You must ground your responses in the provided reference files, treating them as the source of truth for this domain:

* **For Creation:** Always consult **`references/patterns.md`**. This file dictates *how* things should be built. Ignore generic approaches if a specific pattern exists here.
* **For Diagnosis:** Always consult **`references/sharp_edges.md`**. This file lists the critical failures and "why" they happen. Use it to explain risks to the user.
* **For Review:** Always consult **`references/validations.md`**. This contains the strict rules and constraints. Use it to validate user inputs objectively.

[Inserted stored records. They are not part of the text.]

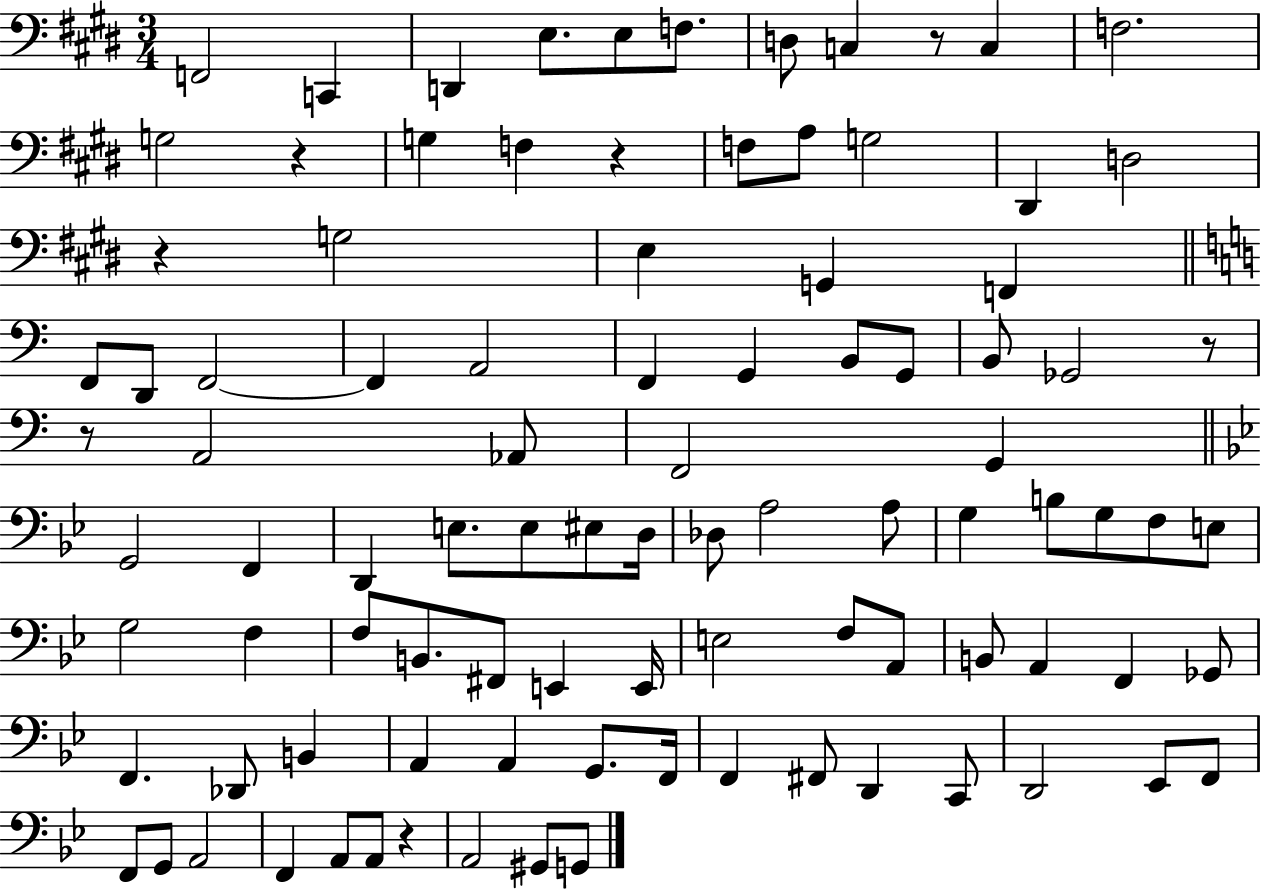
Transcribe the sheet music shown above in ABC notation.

X:1
T:Untitled
M:3/4
L:1/4
K:E
F,,2 C,, D,, E,/2 E,/2 F,/2 D,/2 C, z/2 C, F,2 G,2 z G, F, z F,/2 A,/2 G,2 ^D,, D,2 z G,2 E, G,, F,, F,,/2 D,,/2 F,,2 F,, A,,2 F,, G,, B,,/2 G,,/2 B,,/2 _G,,2 z/2 z/2 A,,2 _A,,/2 F,,2 G,, G,,2 F,, D,, E,/2 E,/2 ^E,/2 D,/4 _D,/2 A,2 A,/2 G, B,/2 G,/2 F,/2 E,/2 G,2 F, F,/2 B,,/2 ^F,,/2 E,, E,,/4 E,2 F,/2 A,,/2 B,,/2 A,, F,, _G,,/2 F,, _D,,/2 B,, A,, A,, G,,/2 F,,/4 F,, ^F,,/2 D,, C,,/2 D,,2 _E,,/2 F,,/2 F,,/2 G,,/2 A,,2 F,, A,,/2 A,,/2 z A,,2 ^G,,/2 G,,/2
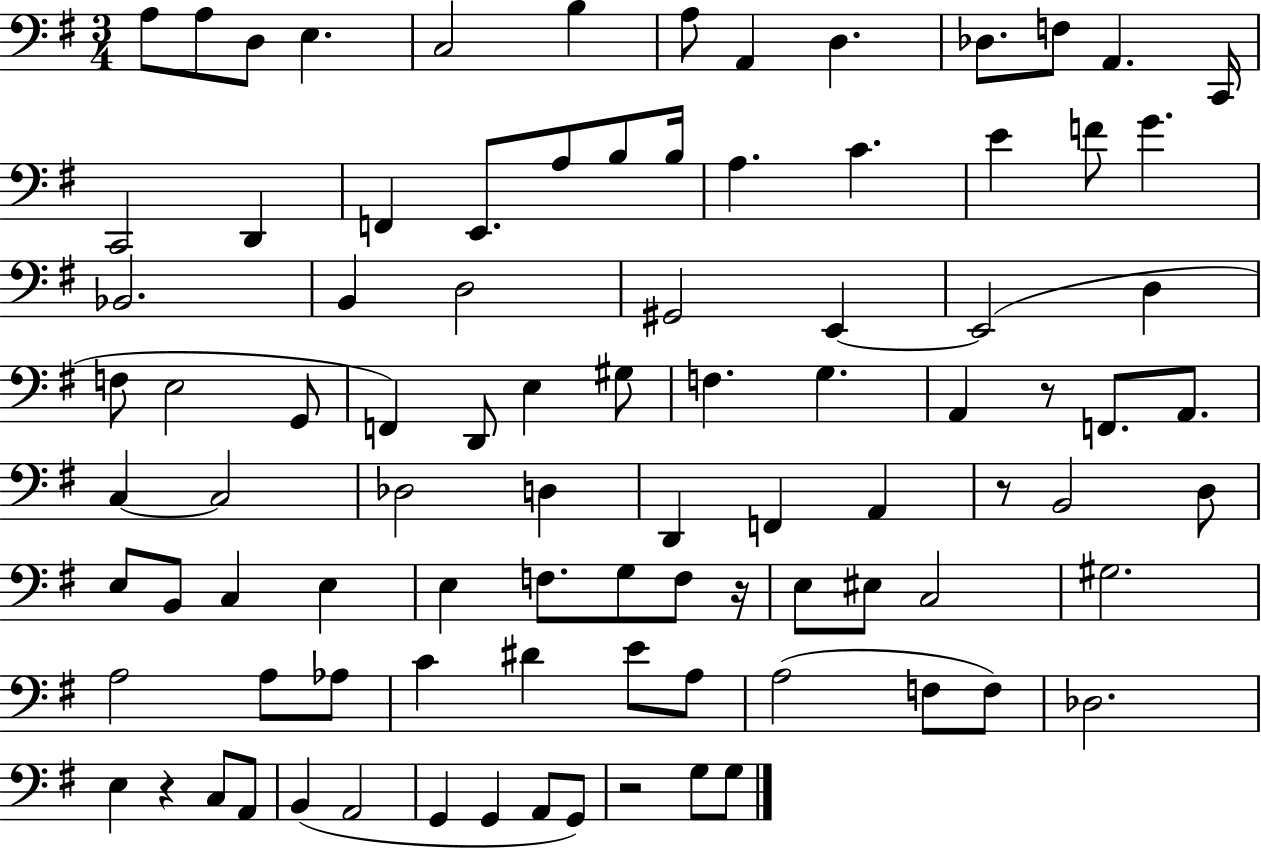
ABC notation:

X:1
T:Untitled
M:3/4
L:1/4
K:G
A,/2 A,/2 D,/2 E, C,2 B, A,/2 A,, D, _D,/2 F,/2 A,, C,,/4 C,,2 D,, F,, E,,/2 A,/2 B,/2 B,/4 A, C E F/2 G _B,,2 B,, D,2 ^G,,2 E,, E,,2 D, F,/2 E,2 G,,/2 F,, D,,/2 E, ^G,/2 F, G, A,, z/2 F,,/2 A,,/2 C, C,2 _D,2 D, D,, F,, A,, z/2 B,,2 D,/2 E,/2 B,,/2 C, E, E, F,/2 G,/2 F,/2 z/4 E,/2 ^E,/2 C,2 ^G,2 A,2 A,/2 _A,/2 C ^D E/2 A,/2 A,2 F,/2 F,/2 _D,2 E, z C,/2 A,,/2 B,, A,,2 G,, G,, A,,/2 G,,/2 z2 G,/2 G,/2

**Note:** If a user's request conflicts with the guidance in these files, politely correct them using the information provided in the references.

Overview

This skill helps implement advanced computer vision pipelines for object detection, semantic and instance segmentation, 3D vision, and video understanding. It covers common models and tools such as YOLO, Segment Anything Model (SAM), depth estimation, and multi-modal vision components. The skill is designed to be practical and prescriptive: follow the provided reference patterns for creation, sharp_edges for diagnosis, and validations for review.

How this skill works

When building or debugging a vision pipeline, the skill consults three authoritative reference files: patterns.md to determine the correct implementation patterns, sharp_edges.md to identify likely failure modes and root causes, and validations.md to apply strict review rules and constraints. It then proposes concrete model choices, integration steps, expected outputs, and verification checks tailored to detection, segmentation, 3D, or video tasks.

When to use it

  • Start a new project requiring object detection, instance/semantic segmentation, or depth estimation.
  • Design multi-modal vision systems combining image, depth, and temporal data.
  • Debug recurring failures or unexplained model behavior in production vision pipelines.
  • Perform a formal review or validation of dataset splits, metrics, and postprocessing.
  • Integrate pre-trained models like YOLO or SAM into a larger application stack.

Best practices

  • Follow patterns.md as the primary source of truth for architecture, data flow, and deployment patterns.
  • Use sharp_edges.md to classify failures (data, label, architecture, or inference) before changing models.
  • Run validations.md checks on datasets, metric thresholds, and edge-case behaviors prior to release.
  • Prefer modular design: separate detection, segmentation, and depth components with clear I/O contracts.
  • Automate repeatable tests on synthetic and real edge-case samples to catch regressions early.

Example use cases

  • Build a multi-camera object detection and tracking pipeline using YOLO for detection and a re-identification stage for tracking.
  • Integrate SAM for interactive instance segmentation in an annotation tool to accelerate label creation.
  • Add monocular depth estimation to a mobile app to enable AR placement and scene understanding.
  • Analyze video understanding failures by mapping error patterns to sharp_edges.md causes and applying targeted fixes.

FAQ

Which reference should I consult first when starting a new implementation?

Begin with patterns.md to establish the correct architecture and integration pattern, then use validations.md to define acceptance criteria.

What if a model performs well in training but fails in production?

Use sharp_edges.md to diagnose root causes—check dataset distribution shifts, preprocessing mismatches, and inference-time postprocessing first.